When you are doing an integration by substitution you do the following working. $$\begin{align*} u&=f(x)\\ \Rightarrow\frac{du}{dx}&=f^{\prime}(x)\\ \Rightarrow du&=f^{\prime}(x)dx&(1)\\ \Rightarrow dx&=\frac{du}{f^{\prime}(x)}\\ \end{align*}$$

My question is: what on earth is going on at line $(1)$?!?

This has been bugging me for, like, forever! You see, when I was taught this in my undergrad I was told something along the lines of the following:

You just treat $\frac{du}{dx}$ like a fraction. Similarly, when you are doing the chain rule $\frac{dy}{dx}=\frac{dy}{dv}\times\frac{dv}{dx}$ you "cancel" the $dv$ terms. They are just like fractions. However, never, ever say this to a pure mathematician.

Now, I am a pure mathematician. And quite frankly I don't care if people think of these as fractions or not. I know that they are not fractions (but rather is the limit of the difference fractions as the difference tends to zero). But I figure I should start caring now...So, more precisely,

$\frac{du}{dx}$ has a meaning, but so far as I know $du$ and $dx$ do not have a meaning. Therefore, why can we treat $\frac{du}{dx}$ as a fraction when we are doing integration by substitution? What is actually going on at line $(1)$?


Solution 1:

Consider evaluating $\int (3x^2 + 2x) e^{x^3 + x^2} \, dx$ (as in this Khan Academy video).

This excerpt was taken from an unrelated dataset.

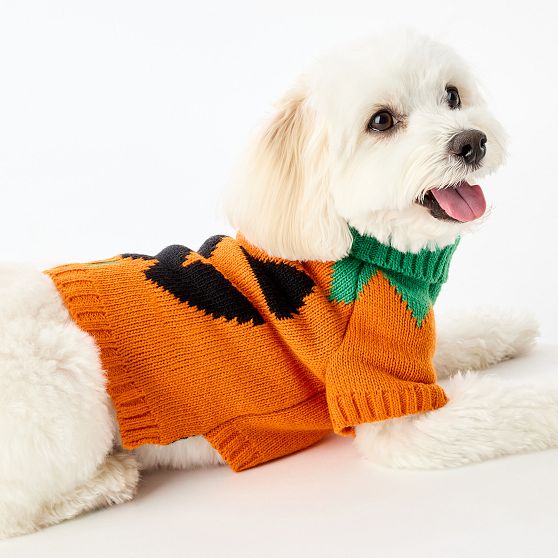 Halloween Knit Dog Sweater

Often teachers will say, let $u = x^3 + x^2$, and note that "$du = (3x^2 + 2x) dx$". Therefore, they say, \begin{align} \int (3x^2 + 2x) e^{x^3 + x^2} \, dx &= \int e^u du \\ &= e^u + C \\ &= e^{x^3 + x^2} + C. \end{align}

However, this explanation is confusing because there's no such thing as $du$ or $dx$.

A more clear (in my opinion) and perfectly rigorous explanation is just to notice that our integral has the form $\int f(g(x)) g'(x) dx$, and use the rule \begin{equation} \int f(g(x)) g'(x) dx = F(g(x)) + C \end{equation} where $F$ is an antiderivative of $f$. This rule is clearly true, because it's nothing more than the chain rule in reverse. There's no need to use any "infinitesimals" or anything.

Solution 2:

Recall that $u$-substitution is really the inverse rule of the chain rule, just like integration by parts is the inverse rule of the product rule. The essence of the chain rule is that

$$ \frac{\mathrm{d}y}{\mathrm{d}x} = \frac{\mathrm{d}y}{\mathrm{d}u}\frac{\mathrm{d}u}{\mathrm{d}x},$$

which is why we like to write derivatives as ratios - often, when they look like they cancel, they really "do cancel," so to speak.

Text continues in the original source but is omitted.